Output the records precisely as they stand. Pictures are to be skipped.
-- Supplied records follows --
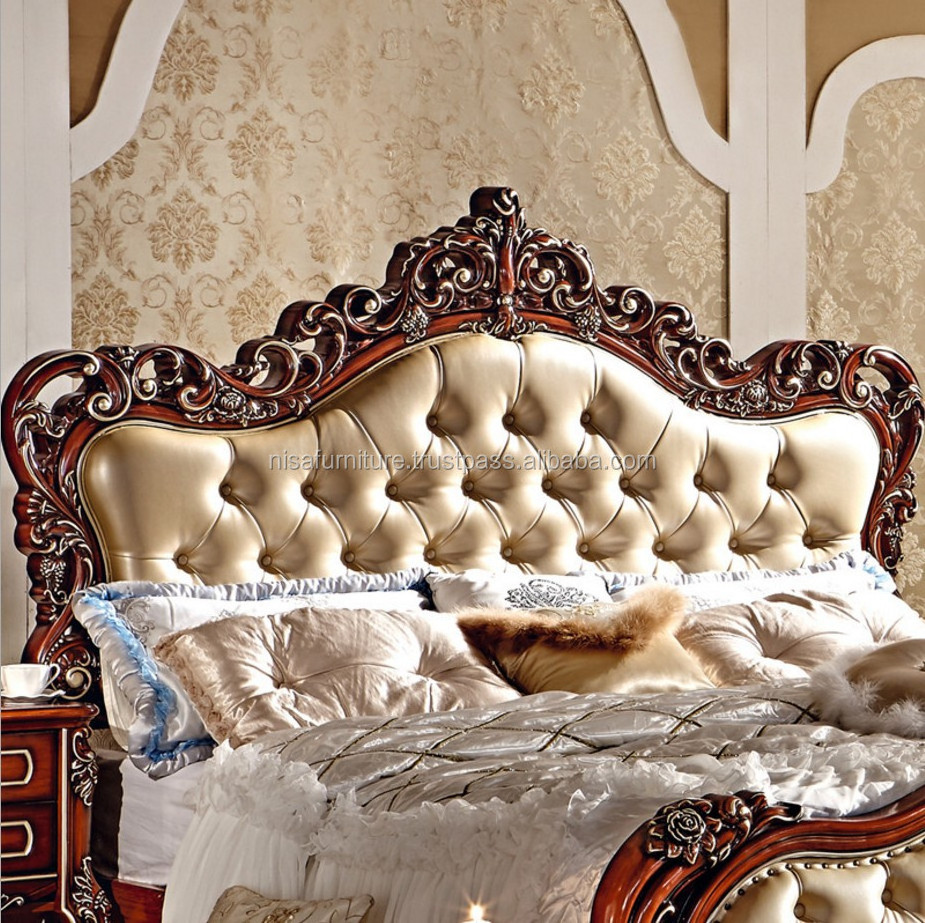 Italian carved wooden beds royal furniture antique bedroom Indonesia solid mahogany furniture set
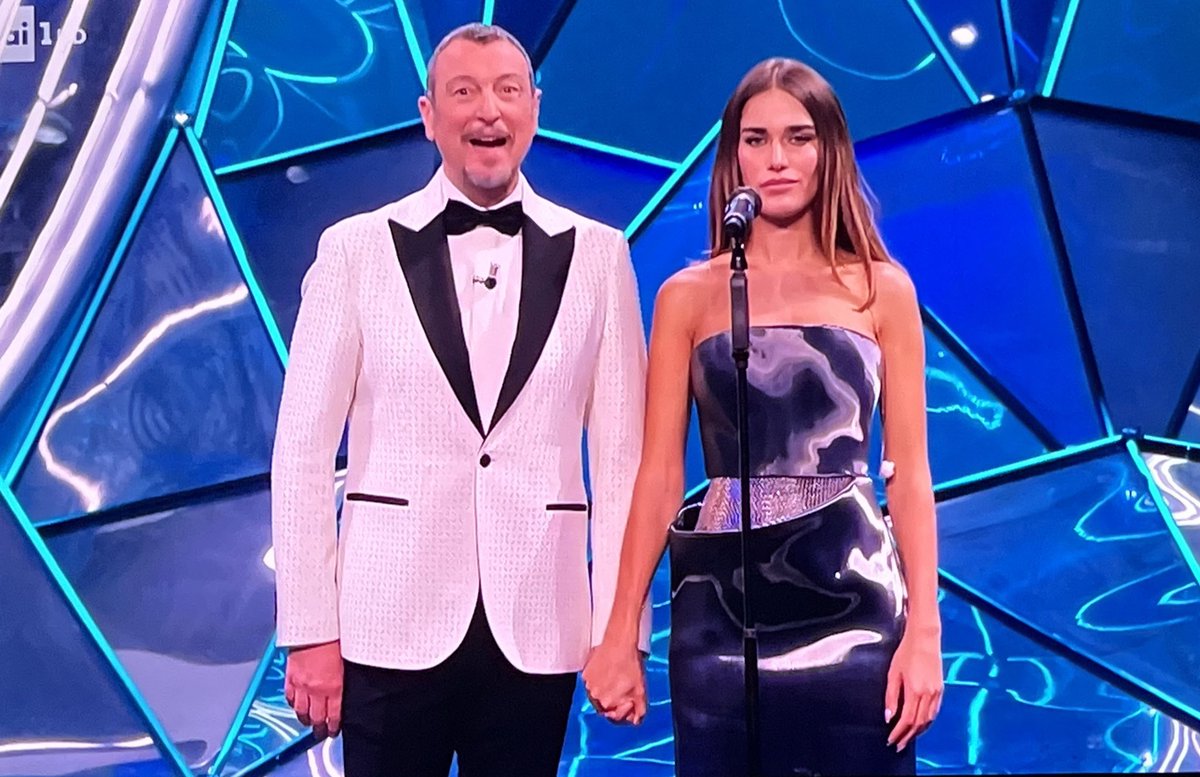 teresaserri's tweet photo. Padre e figlia arrivano al Castello delle Cerimonie per la festa di diciotto anni #Sanremo24 https://t.co/1KHGyLGRON
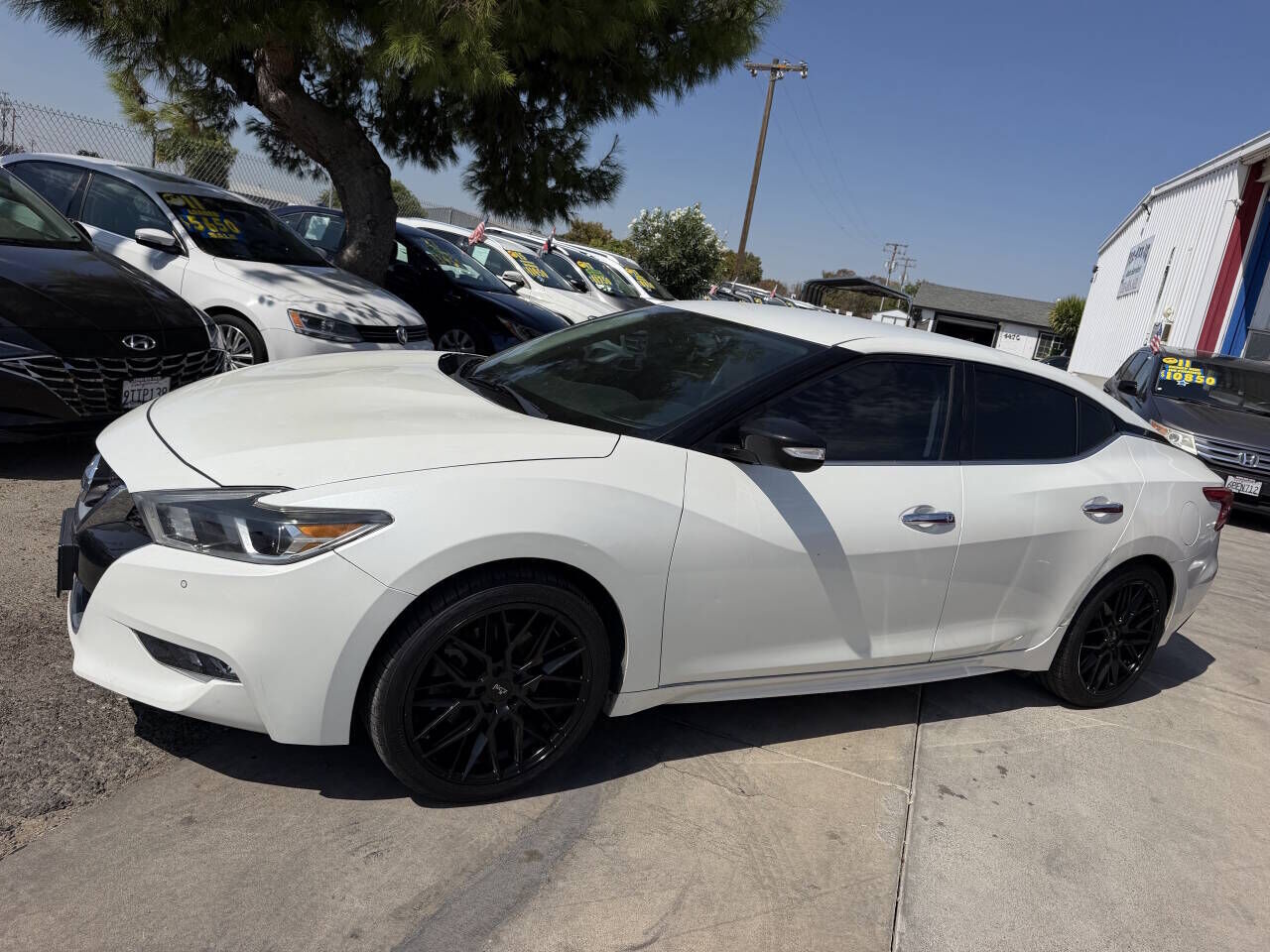 2017 NISSAN Maxima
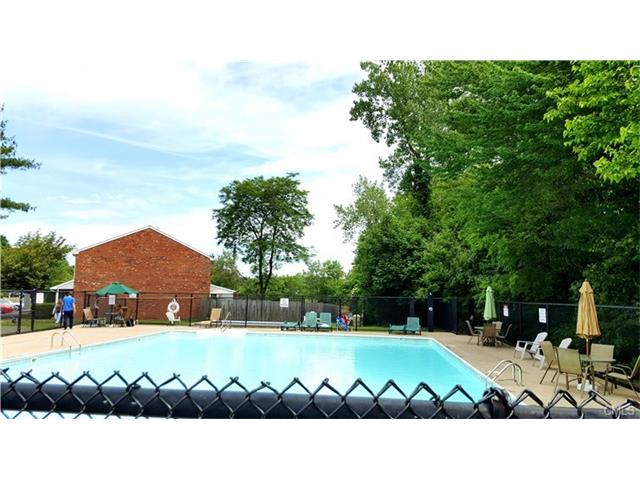 76 Salem Walk, Milford, CT 06460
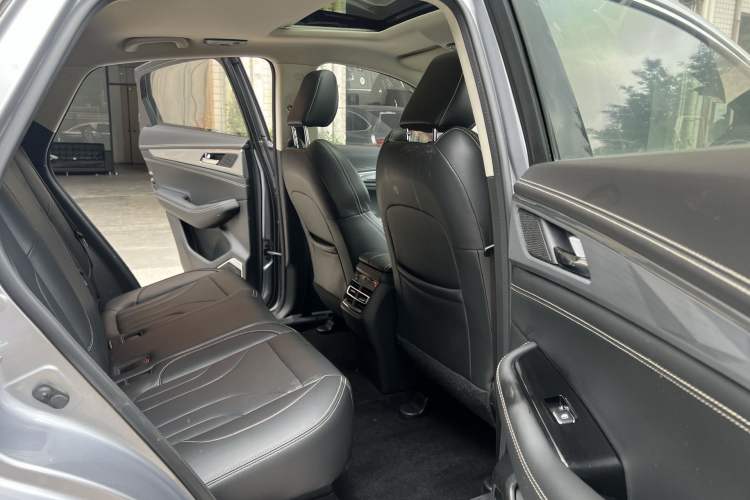 Used CHANGAN CS85 COUPE 2019 1.5T DCT Dynamic Version China VI Standard Interior 2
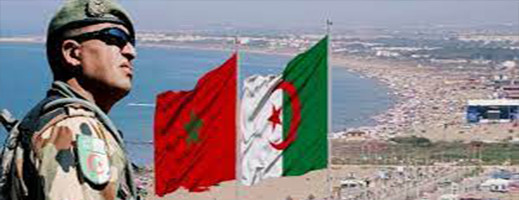 نشطاء ينتقدون صمت الحكومة إزاء مقتل مغربيين برصاص الجيش الجزائري نشطاء ينتقدون صمت الحكومة إزاء مقتل مغربيين برصاص الجيش الجزائري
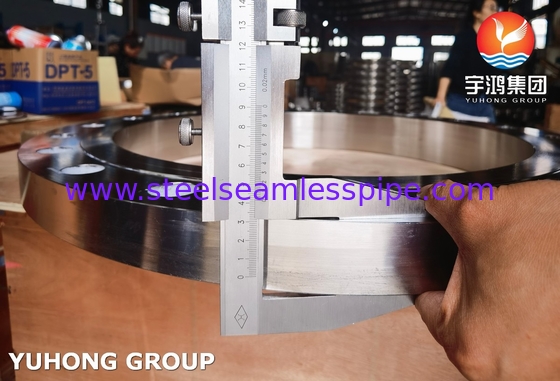 उत्कृष्ट संक्षारण प्रतिरोध के साथ ASTM A182 F904L स्टेनलेस स्टील फ्लैंग्स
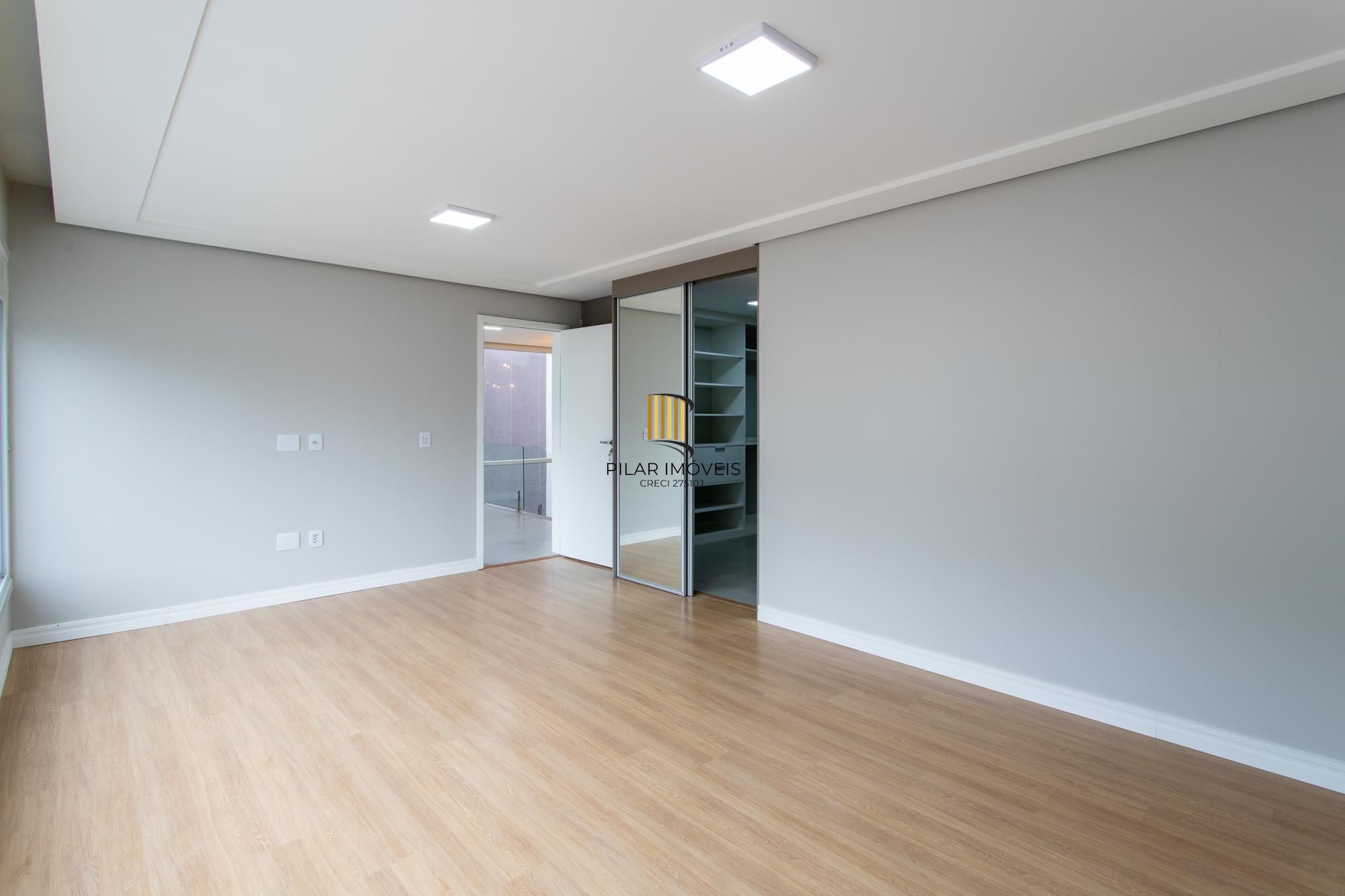 Casa Condominio para Venda - 300m², 3 dormitórios, sendo 3 suites, 2 vagas - Alphaville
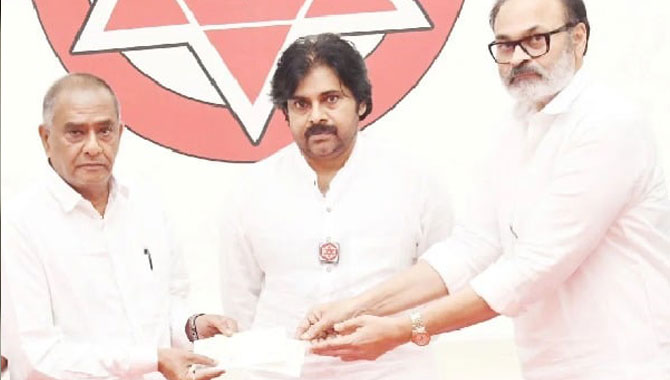 సొంత పార్టీ కి భారీ విరాళాన్ని ఇచ్చిన పవర్ స్టార్..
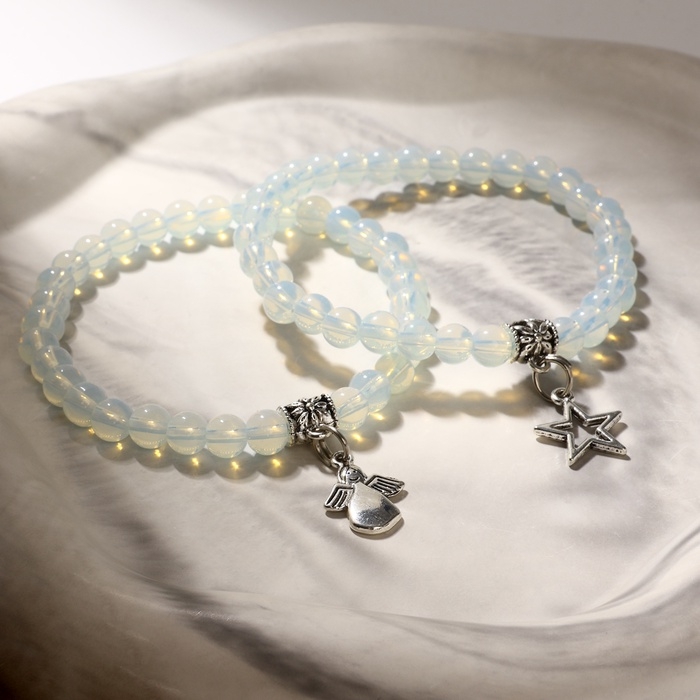 Браслет с подвеской МИКС шар №6 «Лунный камень» матовый Браслет с подвеской МИКС шар №6 «Лунный камень» матовый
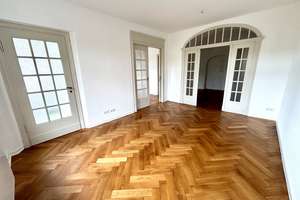 Erstbezug nach hochwertiger Sanierung – Stilvolle 4-Zimmer-Altbauwohnung mit Wintergarten, Balkon &  – Geschwister-Scholl-Straße 2, 4205 Miltitz, Leipzig – Vorschaubild 3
-- Supplied records concluded --
* **Response area**:
 Italian carved wooden beds royal furniture antique bedroom Indonesia solid mahogany furniture set
 teresaserri's tweet photo. Padre e figlia arrivano al Castello delle Cerimonie per la festa di diciotto anni #Sanremo24 https://t.co/1KHGyLGRON
 2017 NISSAN Maxima
 76 Salem Walk, Milford, CT 06460
 Used CHANGAN CS85 COUPE 2019 1.5T DCT Dynamic Version China VI Standard Interior 2
 نشطاء ينتقدون صمت الحكومة إزاء مقتل مغربيين برصاص الجيش الجزائري نشطاء ينتقدون صمت الحكومة إزاء مقتل مغربيين برصاص الجيش الجزائري
 उत्कृष्ट संक्षारण प्रतिरोध के साथ ASTM A182 F904L स्टेनलेस स्टील फ्लैंग्स
 Casa Condominio para Venda - 300m², 3 dormitórios, sendo 3 suites, 2 vagas - Alphaville
 సొంత పార్టీ కి భారీ విరాళాన్ని ఇచ్చిన పవర్ స్టార్..
 Браслет с подвеской МИКС шар №6 «Лунный камень» матовый Браслет с подвеской МИКС шар №6 «Лунный камень» матовый
 Erstbezug nach hochwertiger Sanierung – Stilvolle 4-Zimmer-Altbauwohnung mit Wintergarten, Balkon &  – Geschwister-Scholl-Straße 2, 4205 Miltitz, Leipzig – Vorschaubild 3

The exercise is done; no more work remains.